When Should You Use a CMS?

By Joshua Krohn

There are a ton of CMS options from free to enterprise-level to totally custom and they each have their own uses. Choosing a CMS is not unlike buying a car; it's a huge investment. You're going to do a lot of research, look under the hood, and even test drive a few. But before choosing what CMS to use, you first need to know if you need a CMS.

First, let's define what a CMS is. In short, CMS stands for Content Management System. It's a system that lets you manage…content. Fancy, I know. Broken down further, a CMS is a piece of software that allows you to swiftly publish and edit content on your website without the need to touch the site's code.

Typically a CMS is used on sites that need content updated frequently like blogs, news sites, or e-commerce stores. Although, it's not unusual to have a CMS behind something more simple like a marketing site. This allows you to keep homepage content fresh and is especially useful if you want to add new pages as product features are rolled out. A CMS is also great if you plan to couple your site with a blog. But if you're not planning on updating content with any sort of regularity, a CMS may be more functionality than you need.

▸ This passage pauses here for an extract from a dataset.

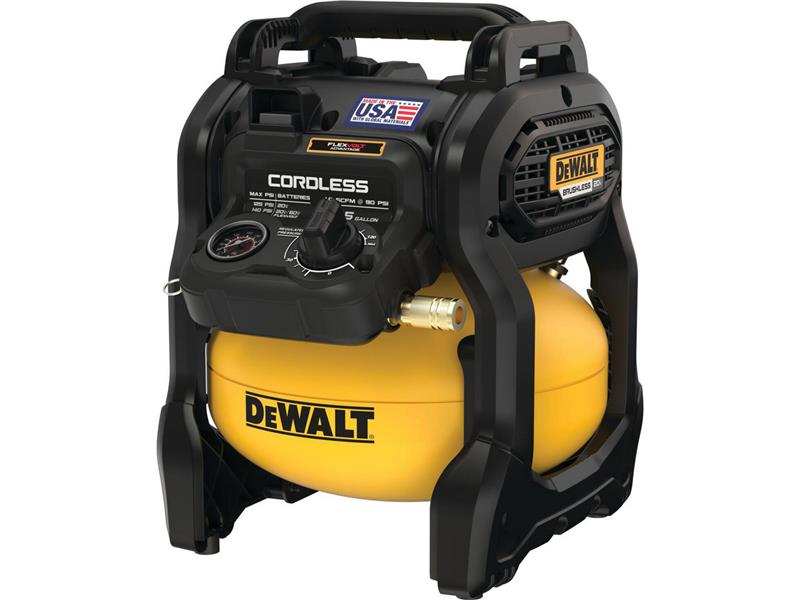 STANLEY BLACK & DECKER DCC2520B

Since a CMS limits the amount of code knowledge one needs to update a website, a CMS is perfect if you're not adept at writing code. It's also great if you don't want to tinker with the code every time an update is needed. A skilled developer can set up reusable page templates such that you and your team can easily publish new content without ever writing code.

It's important to talk about templates a bit because with a CMS, you do lose control versus a completely custom site. Even though you'll be able to add new pages through the templates a developer sets up, it places a limit on the amount of flexibility and customization you'll have. Down the road, if your content doesn't fit one of the pre-made templates, then you have three options:

  1. Shoehorn new content into the existing templates
  2. Cobble a new template together by digging into the code
  3. Hire a developer to code out a new template

Also essential to keep in mind is that implementing a CMS takes time beyond the effort to develop your actual site. And that time translates into money. Bear this in mind as you weigh your options. If you don't plan on updating your site's content regularly, it might be more cost-effective to contract a developer to make those small, infrequent updates.

In the end, when you should use a CMS depends on a variety of factors but I believe it boils down to this: if you or your team don't have coding knowledge and you need to update content frequently, then you should absolutely use a CMS. The cost of implementing a CMS is far outweighed by your ability to publish and update content as freely as you want.

Now, the topic of which CMS to use? That's a topic for another post.